Handlung und Schreibstil

Es ist eine Geschichte über das Leben und den Tod, realistisch und philosophisch und immer von allen Seiten betrachtet. Chronologische Abläufe lassen sich in diesem Gefüge nur vage erkennen und entschlüsseln sich nur langsam. Einen Teil bildet die eigene Familiengeschichte in Kindheitserinnerungen, persönlichen Erfahrungen, erzählten Geschichten und auch den Auslassungen darin. Die Gedankenreise führt den schreibenden Ich-Erzähler und auch uns Lesende aber viel weiter, zurück in das Reich von Qin Shihuangdi, erster Kaiser von China, in das ländliche England des neunzehnten Jahrhunderts, zu den englischen Dichterinnen, die dort gelebt haben, in das London des neunzehnten Jahrhunderts und wieder zurück nach Wien, damals und heute.
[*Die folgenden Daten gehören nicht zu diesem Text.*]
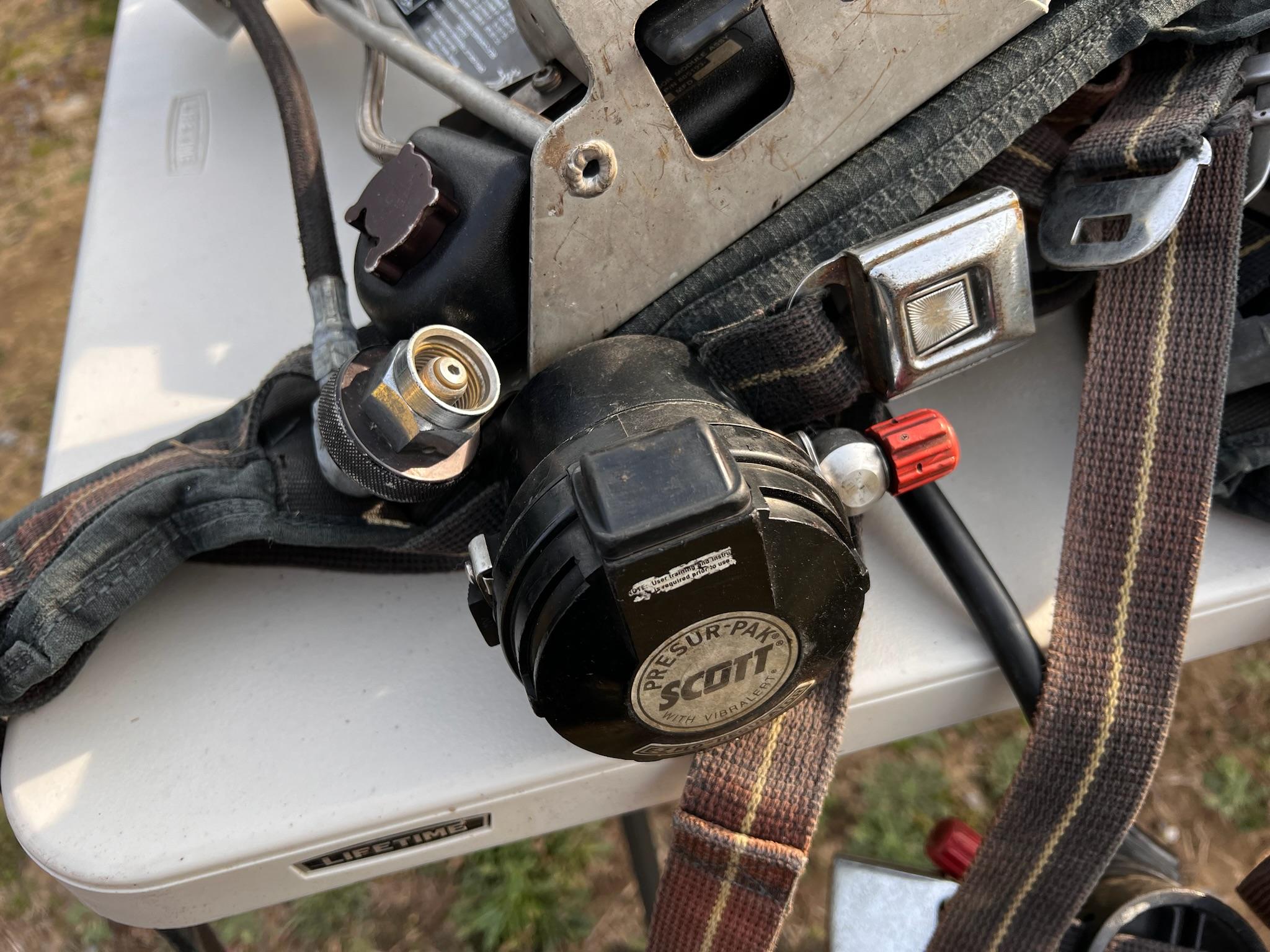 Used Scott SCBA Harnesses (ONE PER ORDER) - image 4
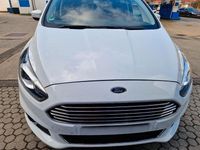 Gebraucht Ford S-MAX Titanium 179 PS (131 kW) 2016 Weiß Van / Kleinbus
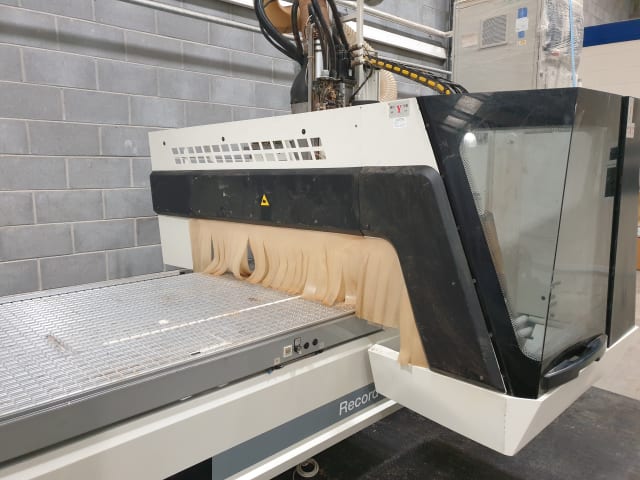 Bearbeitungszentrum mit Nestingtisch SCM RECORD 125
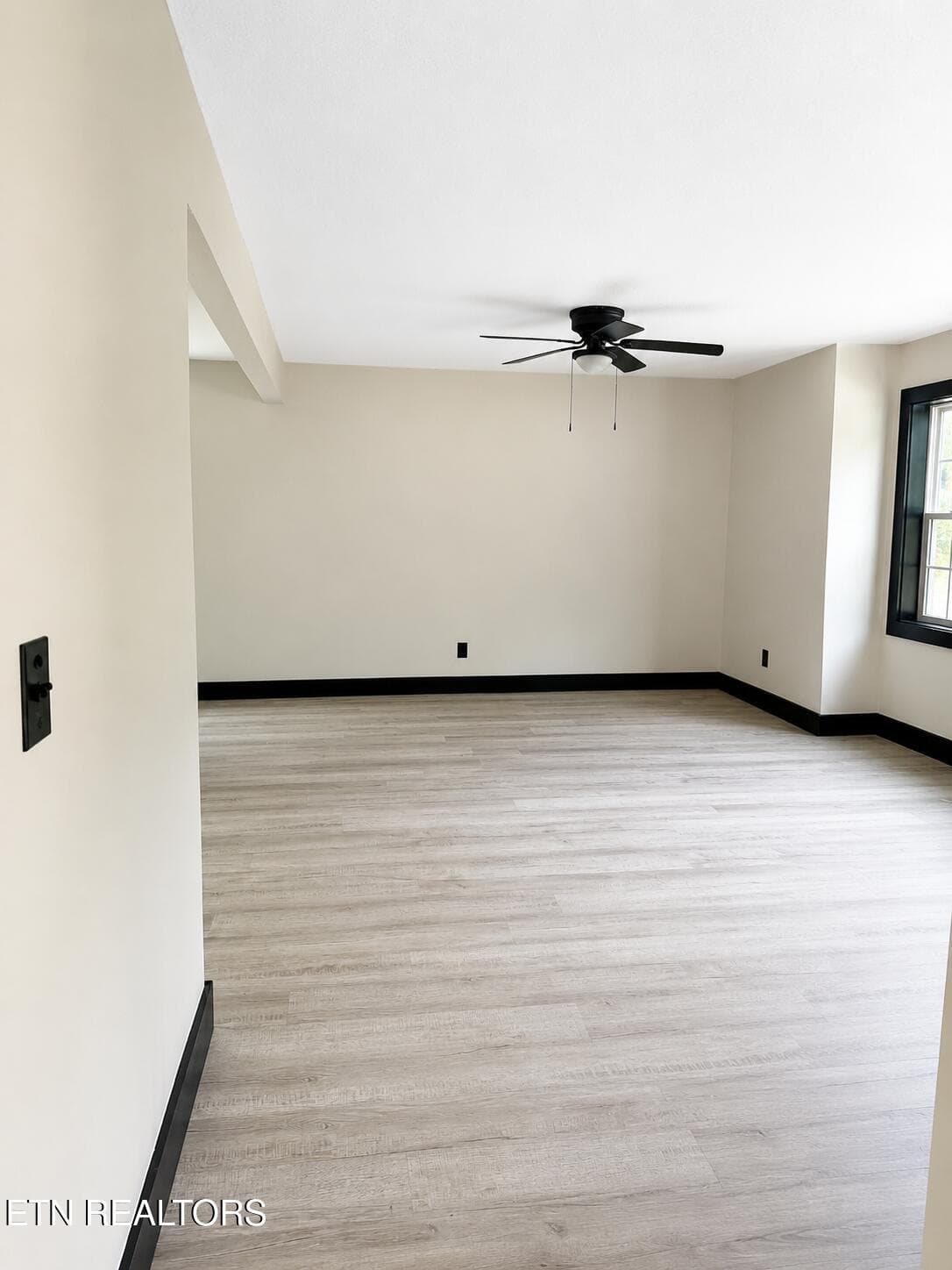489284B9-BDC8-47AD-8153-1C2E36F735F6 - 105 Pelham Rd, Knoxville, TN 37914, Knoxville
Auch die Sprache ist eine unruhige Reise durch diese wie Schnipsel in die Luft geworfenen, irgendwie wieder aufgefangenen und mit zufälliger Leichtigkeit aneinandergereihten Fragmente, die dann doch, erstaunlicherweise, ein stimmiges Ganzes ergeben.

Fazit

Quecksilberlicht, schon der Titel und das Buchcover bleiben beim Lesen in den Gedanken haften und aus diesem diffusen Licht treten die einzelnen Personen heraus, erzählen kurz aus ihrem Leben, teilen ihre Gedanken mit uns, verschwinden wieder, um dann mit immer neuen Details und Geschichten wieder aufzutauchen. Der Tod begleitet alle diese Fragmente, doch in der Literatur und nun auch in diesem Roman leben sie alle weiter. Für Lesende, die Geschichten mit klar definierten Erzählsträngen schätzen, ist dieser ungewöhnliche Roman vermutlich nicht die richtige Wahl. Wenn man jedoch bereit ist, die gewohnte Wohlfühlzone zu verlassen, so erlebt man mit diesem Buch facettenreiche, ungewohnte und fordernde Lesestunden.